M201: Chapter 2: MongoDB Indexes

Chapter 2: Indexes

Introduction to Indexes

  • What are indexes?
  • How do they work?

What problem do indexes try to solve?
Slow queries

Think about a book index.

B-tree

Index Overhead

  • Indexes are used to increase the speed of our queries.
  • The _id field is automatically indexed on all collections.
  • Indexes reduce the number of documents MongoDB needs to examine to satisfy a query.
  • Indexes can decrease write, update, and delete performance.

How Data is Stored on Disk

Using compression while store information to disk.

db.collection.insert({}, {writeConcern: {w:3}})

The journal file acts as a safeguard against data corruption caused by incomplete data file writes.

Single Field Indexes Part 1

  • Simplest indexes in MongoDB
  • db.collection.createIndex({<field>: <direction>})
  • key features
    • keys from only one field
    • can find a single value for the indexed field
    • can find a range of values
    • cat use dot notation to index fields in subdocuments
    • can be used to find several distinct values in a single query
// execute the following query and collect execution statistics
db.people.find({ "ssn" : "720-38-5636" }).explain("executionStats")
// stage: COLLSCAN


// create an ascending index on ssn
db.people.createIndex( { ssn : 1 } )

// create an explainable object for the people collection
exp = db.people.explain("executionStats")
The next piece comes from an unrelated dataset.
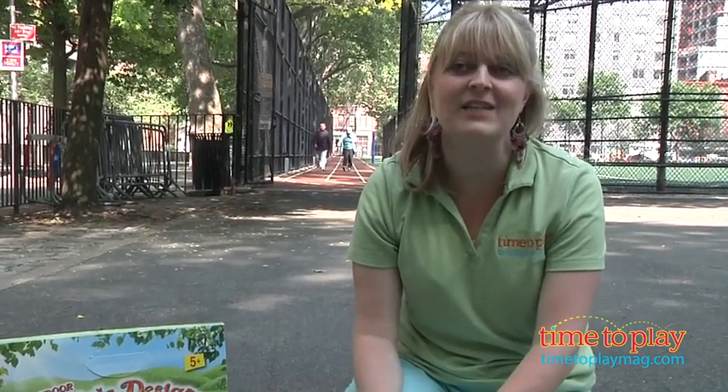It's just a fun way to get kids creative when playing outside. And if you want to find out more information on this kit such as how much it costs and where to buy, then come visit time2playmag.com, your number one source for all things play.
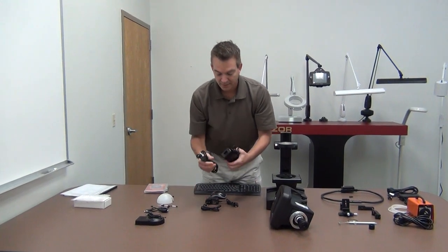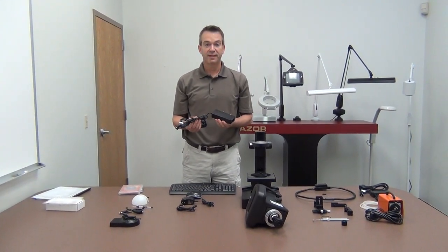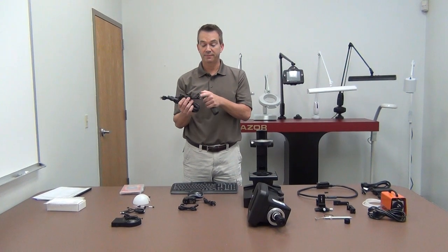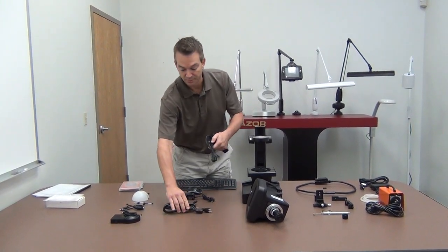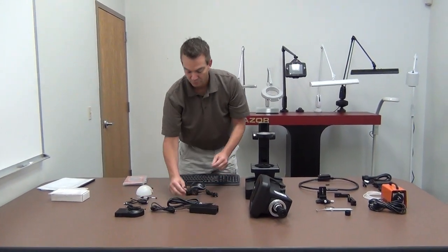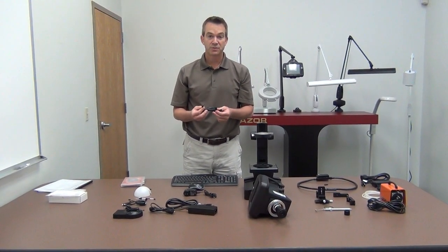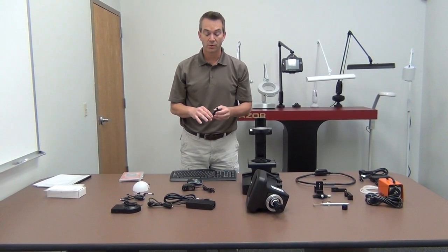We have the 12 volt power supply that powers the SpecFinder head and the SpecFinder system. This plugs into the back of the SpecFinder head and comes with a power cord. Also included is a power cord extender, which you can use to extend the length of the cord.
// execute the same query again (should use an index)
exp.find( { "ssn" : "720-38-5636" } ) 

// execute a new query on the explainable object (can't use the index)
exp.find( { last_name : "Acevedo" } )
// "stage": "IXSCAN"

// insert a documents with an embedded document
db.examples.insertOne( { _id : 0, subdoc : { indexedField: "value", otherField : "value" } } )
db.examples.insertOne( { _id : 1, subdoc : { indexedField : "wrongValue", otherField : "value" } } )

// create an index using dot-notation
db.examples.createIndex( { "subdoc.indexedField" : 1 } )

// explain a query using dot-notation
db.examples.explain("executionStats").find( { "subdoc.indexedField" : "value" } )

Single Field Indexes Part 2

// explain a range query (using an index)
exp.find( { ssn : { $gte : "555-00-0000", $lt : "556-00-0000" } } )

// explain a query on a set of values
exp.find( { "ssn" : { $in : [ "001-29-9184", "177-45-0950", "265-67-9973" ] } } )

// explain a query where only part of the predicates use a index
exp.find( { "ssn" : { $in : [ "001-29-9184", "177-45-0950", "265-67-9973" ] }, last_name : { $gte : "H" } } )

Understanding Explain

// switch to the m201 database
use m201

// create an explainable object with no parameters
// does not excute the quries
exp = db.people.explain()

// create an explainable object with the 'executionStats' parameter
// excute the quries
expRun = db.people.explain("executionStats")

// and one final explainable object with the 'allPlansExecution' parameter
// excute the quries
expRunVerbose = db.people.explain("allPlansExecution")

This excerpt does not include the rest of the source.